Today, EBC is bringing all of our past experience and success to bear on one of the most urgent issues of our time: mass incarceration. EBC’s push for “Truth and Reinvestment” highlights the need to acknowledge our nation’s long history of racial discrimination and its present day manifestations in the criminal justice system by reinvesting resources from criminal justice reform into the low-income communities of color that have been hardest hit by mass incarceration. While many criminal justice reform efforts are aimed at cutting prison spending simply as a public cost savings, EBC contends that it is also a necessary instrument for advancing racial and economic justice. Beyond ending mass incarceration, EBC envisions actively rebuilding and reinvesting in the communities most damaged by the legacy of racism, classism, and gender-based violence enshrined in our nation’s criminal justice policies.


Restaurant Opportunities Centers was originally founded in 2002 to provide support to restaurant workers who survived the 9/11 attacks and were displaced as a result of this unprecedented tragedy. In 2008, Restaurant Opportunities Centers United (ROC United) was launched as a national network mobilizing workers, employers, and consumers to improve wages and working conditions for the country’s 11 million restaurant workers that represent the largest and lowest-paid workforce in the United States.

Since its founding, ROC United has won more than a dozen workplace justice campaigns, winning more than $10 million in misappropriated tips and wages and discrimination payments for low-wage workers, and significant policy changes in high-profile restaurant companies covering thousands of workers. ROC United has played an instrumental role in winning several statewide minimum wage increases for tipped workers, and other policy campaigns at the local, state, and federal levels.

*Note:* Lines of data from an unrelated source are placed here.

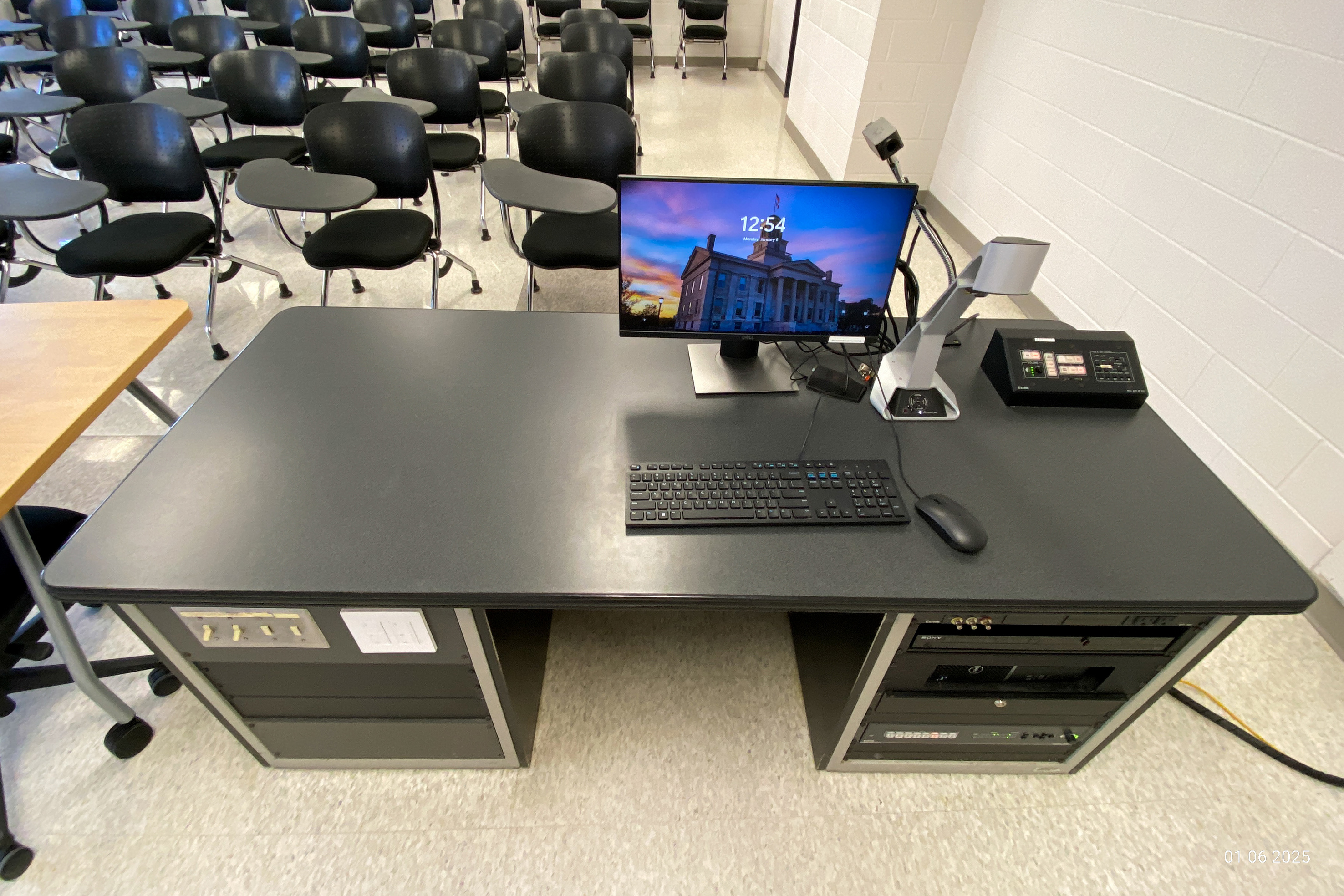 Phillips Hall 214 | University Classrooms - The University of Iowa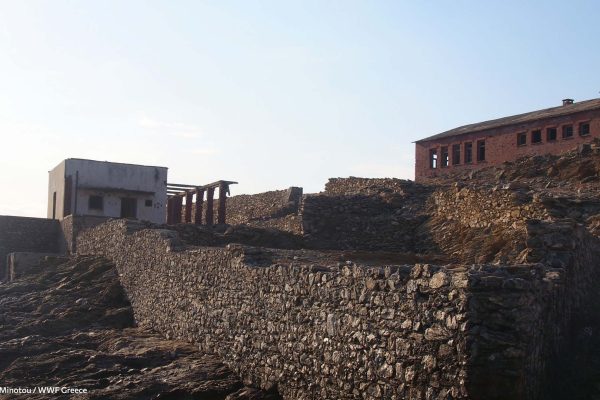 Bοηθητικά φυλάκια και κτίρια όμορα με τις φυλακές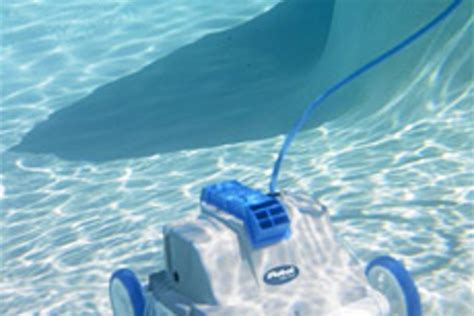 iRobot Verro Pool Cleaning Robot | Uncrate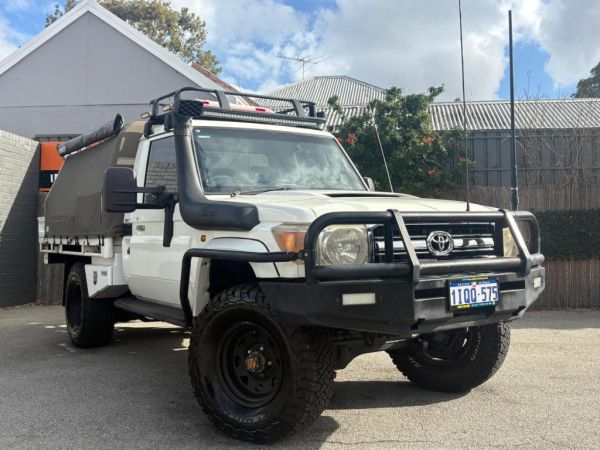 ** 2012 Toyota Landcruiser VDJ79R GX ** Single Cab 2 doors ** Manual 5sp ** 4x4 ** 4.5L V8 Turbo Diesel ** Service Up To Date ** Waterproof Canopy ** image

ROC United also partners with almost 200 responsible restaurant owners to promote the ‘high road’ to profitability, has trained more than 5,000 restaurant workers to advance to livable-wage jobs within the industry, and has published over 30 ground-breaking reports and a nationally bestselling book on the restaurant industry.

To expand economic mobility and career advancement opportunities for young people in the restaurant industry, ROC United opened COLORS Restaurants in New York and Detroit, in which it offers the COLORS Hospitality Opportunities for Workers (CHOW) Institute, a unique workforce-development program that has provided thousands of young people with training and placement services to advance to livable wage fine-dining restaurant jobs. ROC United now offers CHOW training in 12 states nationwide, partnering with 175 key restaurant employers across the country – ranging from celebrity chefs to small restaurateurs – who have provided input on our curriculum, hired our graduates, and served as guest lecturers in the program.